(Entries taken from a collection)
☆ ☆ ☆ ☆
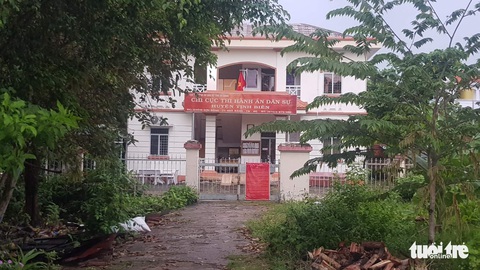 Mua tài sản đấu giá 3 năm không nhận được vì chi cục trưởng lạm quyền - Ảnh 1. Mua tài sản đấu giá 3 năm không nhận được vì chi cục trưởng lạm quyền - Ảnh 1.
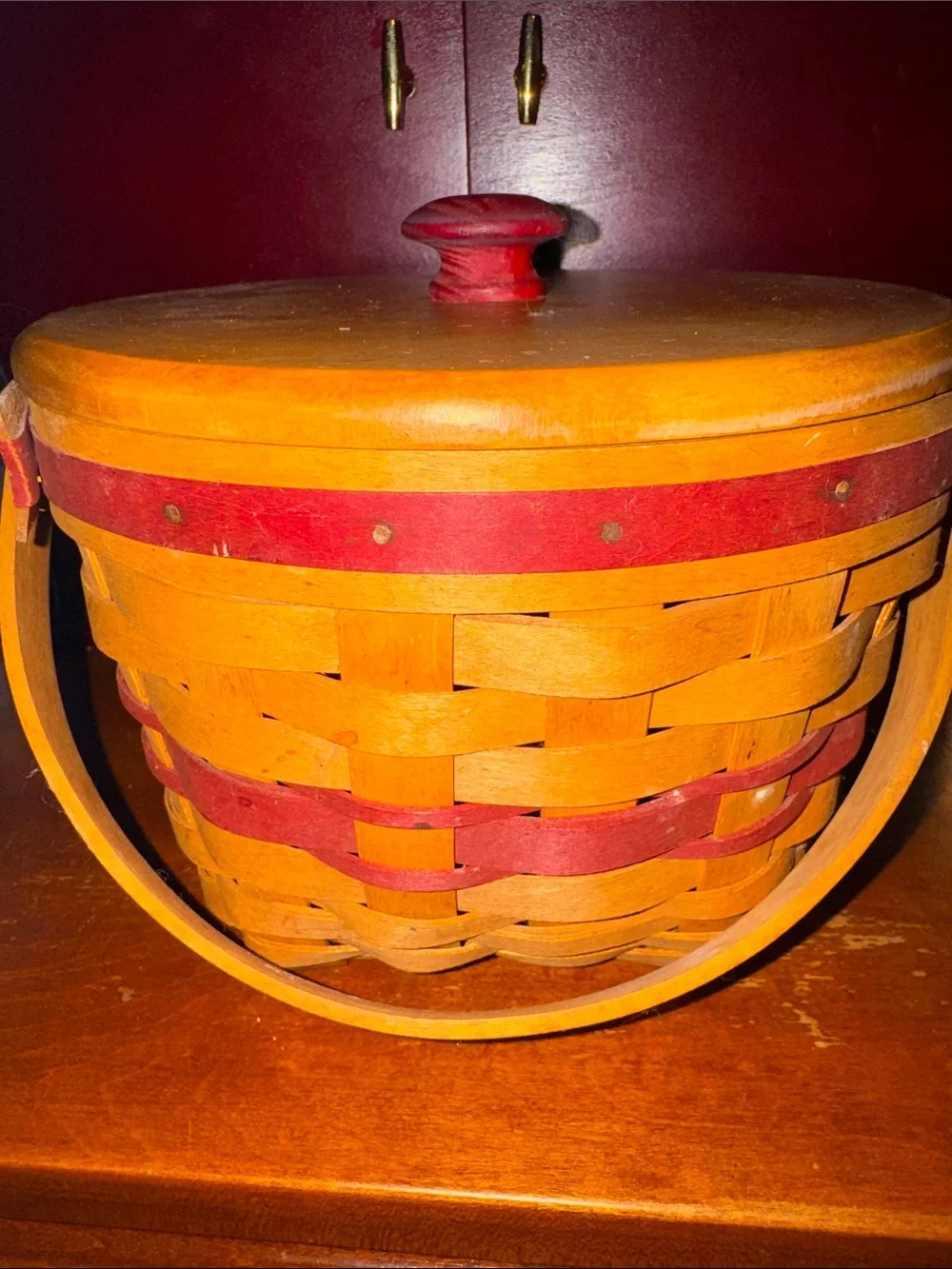 Longaberger Vintage Red and Natural Woven Picnic Basket with Lid and Handle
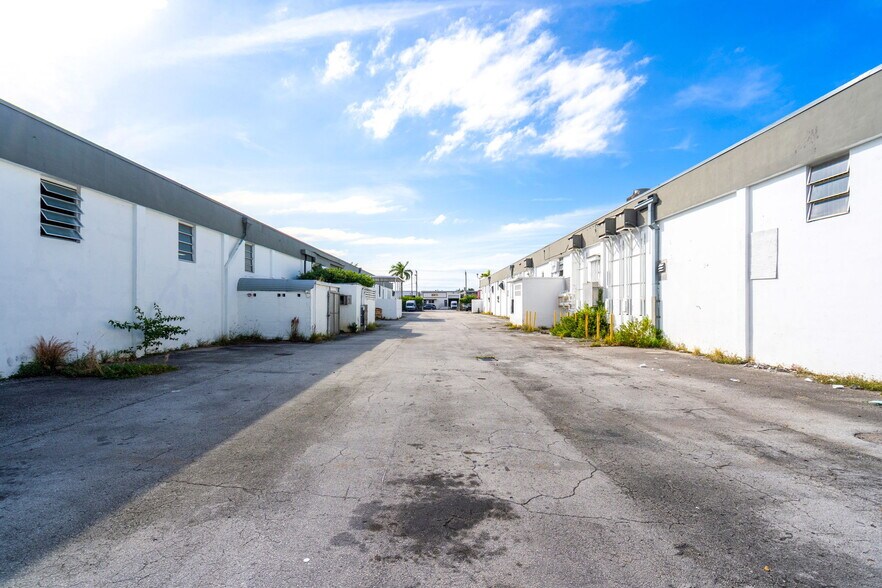 More Photos Of 3925 E 10th Ct, Hialeah Warehouse For Lease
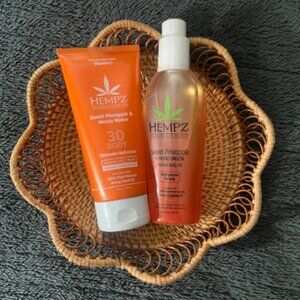 Hempz Sweet Pineapple & Honey Melon Herbal Body Oil and Sunscreen Duo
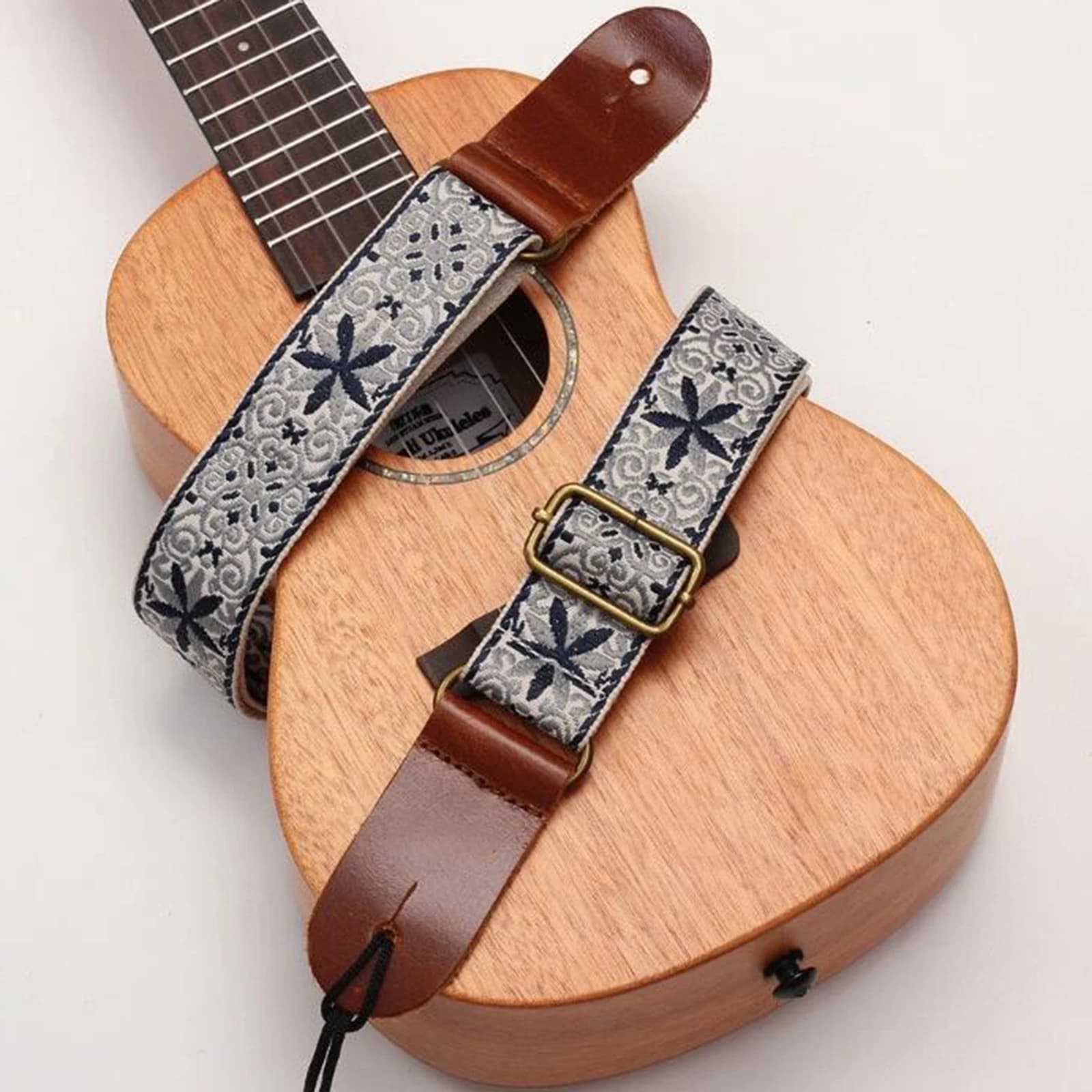 Cintura per ukulele Cintura in cotone lavorato a maglia stile bohémien per ukulele o chitarra di piccole dimensioni 77-134 cm Accessori per chitarra a lunghezza regolabile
☆ ☆ ☆ ☆
Assignment: Give the lines exactly, from the first line of the entries to the line with "Hempz Sweet Pineapple", both ends included. Skip the pictures.

Result for this exercise:
 Mua tài sản đấu giá 3 năm không nhận được vì chi cục trưởng lạm quyền - Ảnh 1. Mua tài sản đấu giá 3 năm không nhận được vì chi cục trưởng lạm quyền - Ảnh 1.
 Longaberger Vintage Red and Natural Woven Picnic Basket with Lid and Handle
 More Photos Of 3925 E 10th Ct, Hialeah Warehouse For Lease
 Hempz Sweet Pineapple & Honey Melon Herbal Body Oil and Sunscreen Duo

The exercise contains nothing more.